Теперь, в скульптуре это не какая-либо фактическая фигура или само тело, которое художник имеет в виду. Это общая идея ее составляет предмет его представлений. Он стремится изобразить ее наиболее совершенную структуру, ее полное органическое развитие, ее изысканную правильность симметрии и возвышенную красоту формы. И ко всему этому даже выражение характера и страсти в некоторой степени подчинено. И именно потому, что внешняя среда, которую она использует, потому что материальная масса, на которой ее внутренние концепции должны быть запечатлены, или, скорее, из которой они должны быть выработаны, есть неодушевленный камень и холодный мрамор, поэтому истинная скульптура стремится к более высокому совершенству, чем однообразие и мертвенный покой, которые характеризуют египетские статуи богов. Она стремится скорее восторжествовать, копируя с самой удивительной правдой и верностью живой каркас в его самых быстрых движениях, и жизнь в ее самых жестоких битвах, и, улавливая ее мимолетные грации, зафиксировать их навсегда в своих собственных нетленных творениях.

По правде говоря, имитация фактической реальности, какой бы трудной и сама по себе достойной восхищения она ни была, не составляет цели или объекта, или вообще принципа скульптуры, не более чем любого другого искусства. Замечательным доказательством этого является тот факт, что цвет, со всеми его прелестями, исключен из пластического искусства и его воплощенных проявлений как слишком показной и слишком тесно связанный с реальностью. Ибо с помощью такого средства, не меньше, чем с помощью использования остроумного механизма для придания движения конечностям, художественный идеал, или образы богов, выродились бы в марионеток детей.

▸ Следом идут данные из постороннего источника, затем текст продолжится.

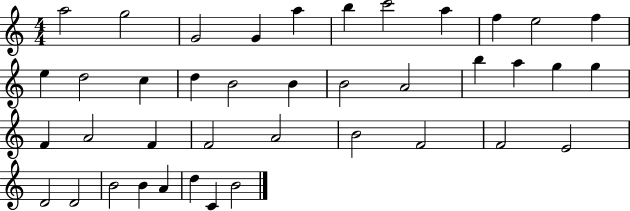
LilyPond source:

{
  \clef treble
  \numericTimeSignature
  \time 4/4
  \key c \major
  a''2 g''2 | g'2 g'4 a''4 | b''4 c'''2 a''4 | f''4 e''2 f''4 | \break e''4 d''2 c''4 | d''4 b'2 b'4 | b'2 a'2 | b''4 a''4 g''4 g''4 | \break f'4 a'2 f'4 | f'2 a'2 | b'2 f'2 | f'2 e'2 | \break d'2 d'2 | b'2 b'4 a'4 | d''4 c'4 b'2 | \bar "|."
}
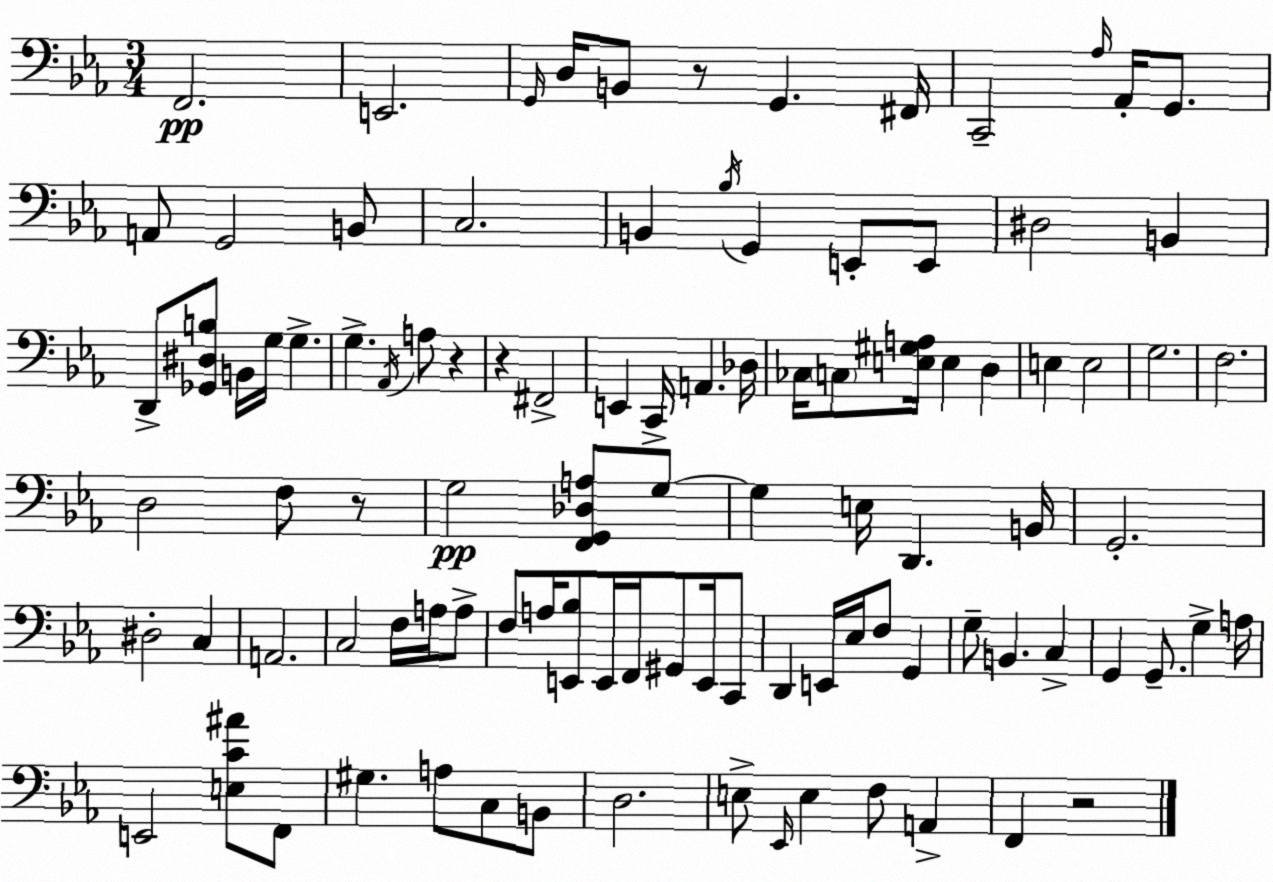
X:1
T:Untitled
M:3/4
L:1/4
K:Cm
F,,2 E,,2 G,,/4 D,/4 B,,/2 z/2 G,, ^F,,/4 C,,2 _A,/4 _A,,/4 G,,/2 A,,/2 G,,2 B,,/2 C,2 B,, _B,/4 G,, E,,/2 E,,/2 ^D,2 B,, D,,/2 [_G,,^D,B,]/2 B,,/4 G,/4 G, G, _A,,/4 A,/2 z z ^F,,2 E,, C,,/4 A,, _D,/4 _C,/4 C,/2 [E,^G,A,]/4 E, D, E, E,2 G,2 F,2 D,2 F,/2 z/2 G,2 [F,,G,,_D,A,]/2 G,/2 G, E,/4 D,, B,,/4 G,,2 ^D,2 C, A,,2 C,2 F,/4 A,/4 A,/2 F,/2 A,/4 [E,,_B,]/2 E,,/4 F,,/4 ^G,,/2 E,,/4 C,,/2 D,, E,,/4 _E,/4 F,/2 G,, G,/2 B,, C, G,, G,,/2 G, A,/4 E,,2 [E,C^A]/2 F,,/2 ^G, A,/2 C,/2 B,,/2 D,2 E,/2 _E,,/4 E, F,/2 A,, F,, z2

Реальность, следовательно, с ее фактическими формами и обманчивой имитацией и рабским копированием их, никоим образом не является надлежащим или непосредственным объектом пластического искусства. Даже красота формы не всегда, по крайней мере не исключительно и не только, является ее целью; она лишь случайно и относительно, как условие выражения характера, внешних состояний и общей значимости. Всегда и повсеместно это мысль, идея некоторого субъекта или формы как внутренний смысл и значимость ее, что составляет сущность произведения искусства, и с чем искусство в целом связано. Другими словами, искусство символично. И это может быть высказано с равной истинностью о каждом высшем искусстве, так же как и о скульптуре, какова бы ни была среда ее проявлений, будь то статуя, или тон, как в музыке, или слова, как в поэзии. Именно это составляет разницу между высоким искусством и всяким другим, которое, как бы тесно ни было оно связано с ним по внешнему виду, имеет некоторую дальнейшую и практическую цель, и которое поэтому не может быть символичным.

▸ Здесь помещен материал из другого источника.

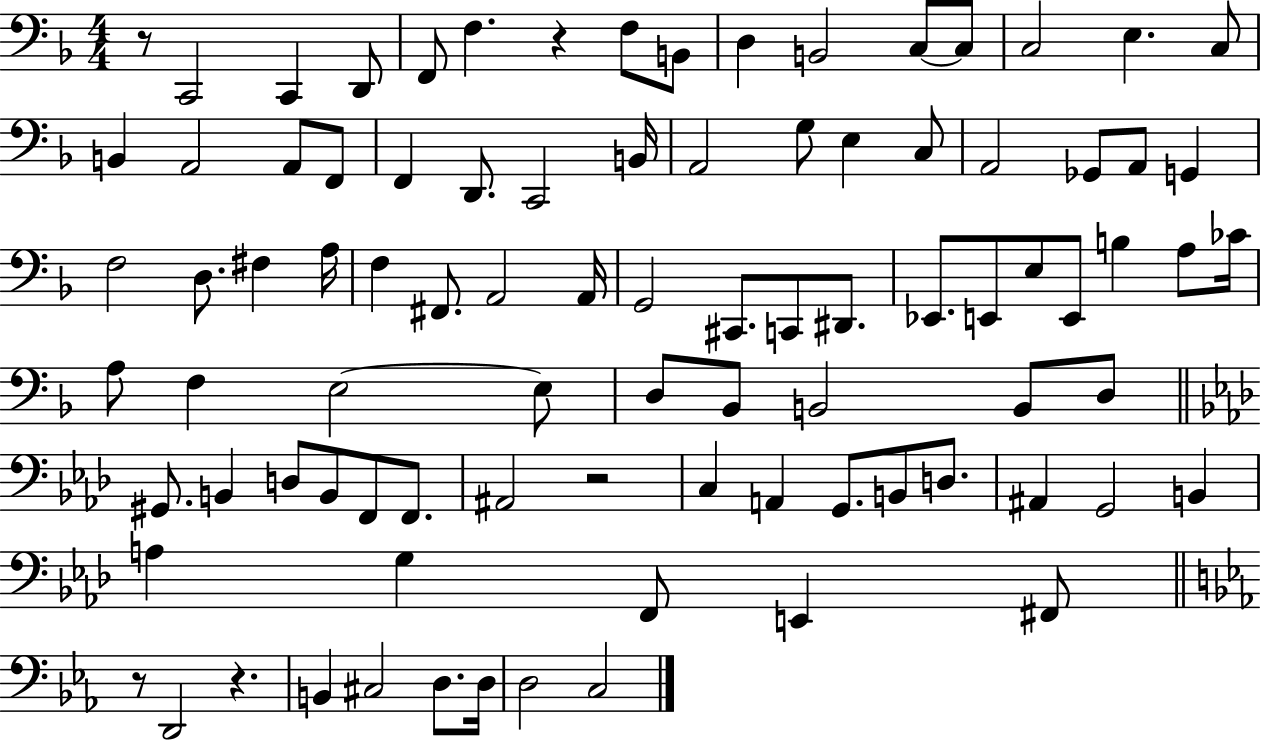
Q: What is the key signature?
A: F major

Такого рода, например, разница между риторикой (которая, безусловно, является искусством, или, по крайней мере, исключительно рассматривалась как таковая греками) и поэзией. И крайне важно постоянно иметь в виду это различие. Ибо ровно в той же степени, в какой оно игнорируется, упускается из виду надлежащий характер и истинное превосходство высшего искусства прекрасного. И правильная оценка других искусств, которые имеют дальнейшую и практическую цель, также была бы поставлена под угрозу. Оратор, который при величайшем владении практическим и образным языком тем не менее лишен убедительной логической силы склонять умы людей своими аргументами и подчинять их непреодолимо своей цели, оказывал бы лишь малое влияние; в то время как никакой более тяжелый упрек не может быть сделан тому, кто выдает себя за поэта, чем утверждать о нем, что он обладает и понимает ничего, кроме риторики страсти, без — хотя такая дальнейшая квалификация очевидно излишня — истинной поэзии.

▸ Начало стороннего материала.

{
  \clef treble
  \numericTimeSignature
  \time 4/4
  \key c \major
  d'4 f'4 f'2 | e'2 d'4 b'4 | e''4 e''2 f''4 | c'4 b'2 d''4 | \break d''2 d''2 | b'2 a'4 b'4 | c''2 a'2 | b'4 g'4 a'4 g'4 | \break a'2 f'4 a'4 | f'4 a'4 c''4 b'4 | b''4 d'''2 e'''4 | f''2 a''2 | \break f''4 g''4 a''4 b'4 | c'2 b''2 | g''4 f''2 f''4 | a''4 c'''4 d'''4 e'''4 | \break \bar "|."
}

Из изящных искусств, следовательно, которые, используя материальную среду для своих представлений, обладают идеальной и символической значимостью, музыка есть искусство души, а скульптура — телесной формы и проявления истинной идеи органической красоты. Но среди трех сестринских искусств живопись есть истинно духовное. Как свет, с его непрерывным разнообразием оттенков и тонов, есть самый духовный элемент природы, и как глаз есть самый духовный из чувств человека, так живопись, как озабоченная ими, есть самое духовное из искусств, и то, с которым символический дух охотно ассоциирует себя. Живопись направляет себя всецело к глазу, тогда как скульптура обращается, действительно, к глазу, но только как к необходимому средству для удовлетворения телесного чувства и ощущения.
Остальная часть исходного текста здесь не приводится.